Rob Manfred: MLB not facing ‘nightmare’ scenario despite Marlins’ positive COVID-19 tests
Major League Baseball commissioner Rob Manfred said he is still optimistic the shortened 2020 season will be played to completion even after the Miami Marlins had 13 members of their organization, including 11 players, test positive for COVID-19 over the past four days and prompted the Marlins’ two-game home series against the Baltimore Orioles to be postponed.
“Obviously, we don’t want any player to get exposed,” Manfred said in a 10-minute interview on MLB Network on Monday night. “It’s not a positive thing. But I don’t see it as a nightmare. We built the protocols to allow us to continue to play.”
The Marlins’ traveling party is “self-quarantining in place” at their team hotel in Philadelphia, where they wrapped up a three-game series against the Phillies on Sunday, while waiting for the results of additional COVID-19 testing administered Monday morning.
The rapid tests take about 12-24 hours to produce results. Manfred said MLB expects to have the results “late, late” Monday night and will likely have an update on the possibility of the Marlins’ ability to continue their season at some point Tuesday. Manfred said the league has “some theories as to what might have happened” that resulted in the outbreak of positive tests among the Marlins but “nothing definitive at this point.”
The Marlins were supposed to host the Orioles on Monday and Tuesday at Marlins Park before heading to Baltimore for another two-game series on Wednesday and Thursday. Manfred did not rule out the possibility of doubleheaders being played in Baltimore should the Marlins be cleared to play.
“If the testing results are acceptable,” Manfred said, “the Marlins will resume play in Baltimore on Wednesday against the Orioles.”
Manfred also touched on a slew of other topics during his recorded interview with Tom Verducci. Among them:
▪ Why the Marlins’ game on Sunday was able to take place after three players were found to have tested positive the morning of the game: “Well I think really what happened was there was testing on Friday and one positive on Saturday. [There was] testing again on Saturday and the three additional positives on Sunday. What then happened under the protocols was we did contact tracing on all four positives. There was, I think, a small number of players who met the [Centers for Disease Control and Prevention] guidelines. They were quarantined. We ordered additional testing. We did symptom checks. We did temperature checks and decided to proceed with the game on Sunday.”
Manfred said that simply being teammates and in the same clubhouse alone don’t necessarily meet the requirements for close contact that would require someone to have to quarantine.
“There’s a distance requirement as well as a duration requirement,” Manfred said.
▪ On what it would take for Manfred to temporarily shut down a team: “I think that a team losing a number of players that rendered it completely non-competitive would be an issue that we would have to address and have to think about making a change. Whether that was shutting down a part of the season [or] the whole season, that depends on the circumstances. Same thing with respect to league-wide. If you get to a certain point league-wide where it does become a health threat, we certainly would shut down at that point.”
▪ On why MLB did not go with a “bubble” plan like the NBA, NHL or MLS: “I think the decision that we made with respect to the bubble was the right one. We’re different than other sports. We would have had to have multiple locations, probably, just in order to have enough facilities to make it work. The numbers of people involved and the numbers of people to support the number of players was much, much larger in our sport. The duration would have been much longer, and the longer you go, the more people you have and the less likely it is that you can make the bubble work. I think the NBA and the NHL have an advantage.
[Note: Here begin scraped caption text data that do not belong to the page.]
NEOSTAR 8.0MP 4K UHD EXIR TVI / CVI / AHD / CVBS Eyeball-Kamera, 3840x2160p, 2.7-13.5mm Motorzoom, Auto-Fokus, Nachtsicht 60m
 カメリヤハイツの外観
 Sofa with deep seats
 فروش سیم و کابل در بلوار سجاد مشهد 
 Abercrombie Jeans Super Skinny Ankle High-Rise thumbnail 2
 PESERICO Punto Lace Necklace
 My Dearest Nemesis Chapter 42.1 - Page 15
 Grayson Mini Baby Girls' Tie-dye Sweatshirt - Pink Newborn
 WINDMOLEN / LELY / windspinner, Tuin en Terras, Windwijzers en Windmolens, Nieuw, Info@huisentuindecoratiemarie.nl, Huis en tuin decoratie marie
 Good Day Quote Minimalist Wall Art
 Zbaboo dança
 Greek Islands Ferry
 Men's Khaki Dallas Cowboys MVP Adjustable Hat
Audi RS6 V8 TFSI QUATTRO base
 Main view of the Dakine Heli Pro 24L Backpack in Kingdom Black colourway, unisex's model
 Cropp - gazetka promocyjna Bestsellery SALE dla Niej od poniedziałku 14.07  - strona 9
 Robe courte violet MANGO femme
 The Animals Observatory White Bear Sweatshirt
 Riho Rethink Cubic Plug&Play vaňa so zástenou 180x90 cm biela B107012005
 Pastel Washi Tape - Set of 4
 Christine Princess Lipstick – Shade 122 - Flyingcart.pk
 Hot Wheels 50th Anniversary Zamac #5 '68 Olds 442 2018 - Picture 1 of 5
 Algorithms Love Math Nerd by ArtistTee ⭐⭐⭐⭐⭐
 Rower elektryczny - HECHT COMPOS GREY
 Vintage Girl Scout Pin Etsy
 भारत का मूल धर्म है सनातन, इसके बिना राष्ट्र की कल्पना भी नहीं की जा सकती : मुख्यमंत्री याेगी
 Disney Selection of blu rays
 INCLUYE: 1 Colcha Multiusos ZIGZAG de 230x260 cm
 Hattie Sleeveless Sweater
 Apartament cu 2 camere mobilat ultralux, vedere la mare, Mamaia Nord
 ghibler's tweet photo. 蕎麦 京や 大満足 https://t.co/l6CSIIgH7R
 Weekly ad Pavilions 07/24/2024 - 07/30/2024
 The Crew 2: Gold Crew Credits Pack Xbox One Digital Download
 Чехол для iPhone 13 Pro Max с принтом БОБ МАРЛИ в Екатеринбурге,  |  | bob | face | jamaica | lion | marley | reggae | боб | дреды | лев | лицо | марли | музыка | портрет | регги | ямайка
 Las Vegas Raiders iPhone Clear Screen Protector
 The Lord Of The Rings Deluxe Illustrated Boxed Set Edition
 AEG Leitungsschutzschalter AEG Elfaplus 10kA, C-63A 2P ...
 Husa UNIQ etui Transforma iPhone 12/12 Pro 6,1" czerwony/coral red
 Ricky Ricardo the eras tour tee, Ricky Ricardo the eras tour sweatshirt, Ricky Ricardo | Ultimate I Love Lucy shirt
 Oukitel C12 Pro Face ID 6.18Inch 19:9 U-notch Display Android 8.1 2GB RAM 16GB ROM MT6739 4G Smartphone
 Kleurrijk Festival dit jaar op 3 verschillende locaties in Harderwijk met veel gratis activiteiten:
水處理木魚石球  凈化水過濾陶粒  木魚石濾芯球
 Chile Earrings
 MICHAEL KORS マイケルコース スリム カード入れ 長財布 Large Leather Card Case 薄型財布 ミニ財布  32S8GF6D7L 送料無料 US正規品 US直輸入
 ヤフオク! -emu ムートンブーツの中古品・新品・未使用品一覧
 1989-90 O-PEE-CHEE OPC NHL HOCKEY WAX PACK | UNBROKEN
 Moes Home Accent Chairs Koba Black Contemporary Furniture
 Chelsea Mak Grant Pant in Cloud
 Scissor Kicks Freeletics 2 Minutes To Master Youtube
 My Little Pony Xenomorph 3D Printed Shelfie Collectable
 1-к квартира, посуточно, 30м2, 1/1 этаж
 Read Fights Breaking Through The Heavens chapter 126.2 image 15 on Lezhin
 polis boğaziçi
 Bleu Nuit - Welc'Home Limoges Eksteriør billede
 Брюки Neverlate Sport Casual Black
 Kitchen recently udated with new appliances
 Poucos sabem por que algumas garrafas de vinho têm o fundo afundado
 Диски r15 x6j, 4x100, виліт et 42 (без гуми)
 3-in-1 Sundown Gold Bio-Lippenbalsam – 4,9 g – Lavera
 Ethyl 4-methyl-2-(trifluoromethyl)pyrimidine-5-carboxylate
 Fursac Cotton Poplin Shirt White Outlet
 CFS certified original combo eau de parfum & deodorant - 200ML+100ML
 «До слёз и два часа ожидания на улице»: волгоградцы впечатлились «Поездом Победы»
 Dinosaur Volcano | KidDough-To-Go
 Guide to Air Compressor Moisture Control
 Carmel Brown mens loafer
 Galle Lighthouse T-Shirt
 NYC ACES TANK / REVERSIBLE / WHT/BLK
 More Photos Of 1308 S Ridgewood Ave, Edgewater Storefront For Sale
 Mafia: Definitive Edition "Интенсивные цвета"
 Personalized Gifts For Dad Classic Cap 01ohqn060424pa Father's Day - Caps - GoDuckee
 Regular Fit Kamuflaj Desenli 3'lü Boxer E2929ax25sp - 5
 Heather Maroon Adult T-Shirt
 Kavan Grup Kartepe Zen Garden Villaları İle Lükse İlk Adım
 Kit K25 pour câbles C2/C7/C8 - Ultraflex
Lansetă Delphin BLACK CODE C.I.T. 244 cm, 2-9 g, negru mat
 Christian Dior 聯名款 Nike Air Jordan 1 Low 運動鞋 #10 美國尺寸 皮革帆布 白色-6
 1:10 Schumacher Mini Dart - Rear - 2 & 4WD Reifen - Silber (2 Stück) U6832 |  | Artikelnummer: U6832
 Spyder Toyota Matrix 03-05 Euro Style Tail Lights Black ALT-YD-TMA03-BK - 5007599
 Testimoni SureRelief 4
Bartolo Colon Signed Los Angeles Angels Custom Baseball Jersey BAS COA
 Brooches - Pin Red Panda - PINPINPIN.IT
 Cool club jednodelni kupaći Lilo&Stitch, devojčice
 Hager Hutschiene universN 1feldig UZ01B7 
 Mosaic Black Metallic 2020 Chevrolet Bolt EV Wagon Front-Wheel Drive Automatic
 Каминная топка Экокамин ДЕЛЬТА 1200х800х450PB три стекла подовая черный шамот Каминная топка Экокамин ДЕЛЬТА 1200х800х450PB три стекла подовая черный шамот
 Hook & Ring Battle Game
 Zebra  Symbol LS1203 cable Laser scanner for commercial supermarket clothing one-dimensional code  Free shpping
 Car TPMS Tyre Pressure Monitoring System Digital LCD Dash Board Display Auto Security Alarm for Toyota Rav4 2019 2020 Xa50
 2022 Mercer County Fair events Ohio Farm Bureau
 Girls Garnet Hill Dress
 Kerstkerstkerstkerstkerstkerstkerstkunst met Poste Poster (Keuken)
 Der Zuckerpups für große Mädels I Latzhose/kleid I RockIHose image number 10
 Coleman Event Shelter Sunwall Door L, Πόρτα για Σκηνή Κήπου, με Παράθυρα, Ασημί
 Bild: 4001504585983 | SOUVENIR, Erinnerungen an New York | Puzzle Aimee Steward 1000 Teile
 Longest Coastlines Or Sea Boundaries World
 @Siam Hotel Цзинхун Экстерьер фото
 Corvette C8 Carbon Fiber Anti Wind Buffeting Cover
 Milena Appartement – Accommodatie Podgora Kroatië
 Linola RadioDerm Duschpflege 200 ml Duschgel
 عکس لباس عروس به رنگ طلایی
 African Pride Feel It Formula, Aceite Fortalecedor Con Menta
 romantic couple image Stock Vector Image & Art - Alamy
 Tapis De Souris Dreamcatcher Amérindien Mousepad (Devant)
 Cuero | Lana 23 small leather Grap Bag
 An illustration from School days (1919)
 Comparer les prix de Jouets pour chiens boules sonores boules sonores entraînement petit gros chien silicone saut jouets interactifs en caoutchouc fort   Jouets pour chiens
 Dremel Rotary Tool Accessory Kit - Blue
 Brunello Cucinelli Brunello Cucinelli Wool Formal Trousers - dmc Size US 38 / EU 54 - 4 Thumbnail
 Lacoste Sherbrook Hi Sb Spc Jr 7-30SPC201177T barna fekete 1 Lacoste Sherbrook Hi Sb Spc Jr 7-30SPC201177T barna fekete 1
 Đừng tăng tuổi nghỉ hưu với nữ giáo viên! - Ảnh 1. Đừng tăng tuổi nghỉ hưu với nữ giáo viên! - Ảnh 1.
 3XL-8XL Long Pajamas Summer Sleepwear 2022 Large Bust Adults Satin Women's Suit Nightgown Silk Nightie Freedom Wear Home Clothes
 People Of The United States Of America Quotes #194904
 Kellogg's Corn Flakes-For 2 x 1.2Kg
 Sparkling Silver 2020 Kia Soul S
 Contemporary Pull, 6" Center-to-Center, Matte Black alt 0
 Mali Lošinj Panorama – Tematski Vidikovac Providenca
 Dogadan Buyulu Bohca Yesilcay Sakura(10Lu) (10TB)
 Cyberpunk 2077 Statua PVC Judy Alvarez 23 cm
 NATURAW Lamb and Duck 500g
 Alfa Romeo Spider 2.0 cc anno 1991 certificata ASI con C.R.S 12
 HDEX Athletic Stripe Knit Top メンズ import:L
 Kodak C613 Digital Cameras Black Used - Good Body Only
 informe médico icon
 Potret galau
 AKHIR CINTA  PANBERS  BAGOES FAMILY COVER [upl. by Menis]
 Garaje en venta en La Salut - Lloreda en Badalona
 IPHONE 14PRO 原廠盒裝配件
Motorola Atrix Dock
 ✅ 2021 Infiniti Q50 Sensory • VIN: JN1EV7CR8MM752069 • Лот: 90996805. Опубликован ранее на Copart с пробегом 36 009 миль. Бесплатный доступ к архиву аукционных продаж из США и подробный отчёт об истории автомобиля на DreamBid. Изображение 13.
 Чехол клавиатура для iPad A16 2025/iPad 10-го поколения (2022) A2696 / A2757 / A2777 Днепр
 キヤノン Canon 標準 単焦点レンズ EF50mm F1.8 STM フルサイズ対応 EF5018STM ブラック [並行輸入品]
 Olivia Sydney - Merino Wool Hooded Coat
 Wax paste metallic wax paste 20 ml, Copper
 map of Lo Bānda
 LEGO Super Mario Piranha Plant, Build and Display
Smaller numbers of players, shorter period of time. I understand why they did what they did. I’m just not sure it was workable for us.”
▪ On what he has learned through the first few days of the regular season about dealing with the coronavirus and how the league has to adapt: “We have made adjustments to the protocols on an ongoing basis. There were conversations today with the MLBPA about what we should be doing in terms of the protocols themselves and the enforcement of the protocols, making sure that we’re following them in every way we possibly can. As I said earlier, it’s an evolving situation, and we continue to reevaluate where we are in the protocols and what we can do to keep the players as safe as possible.”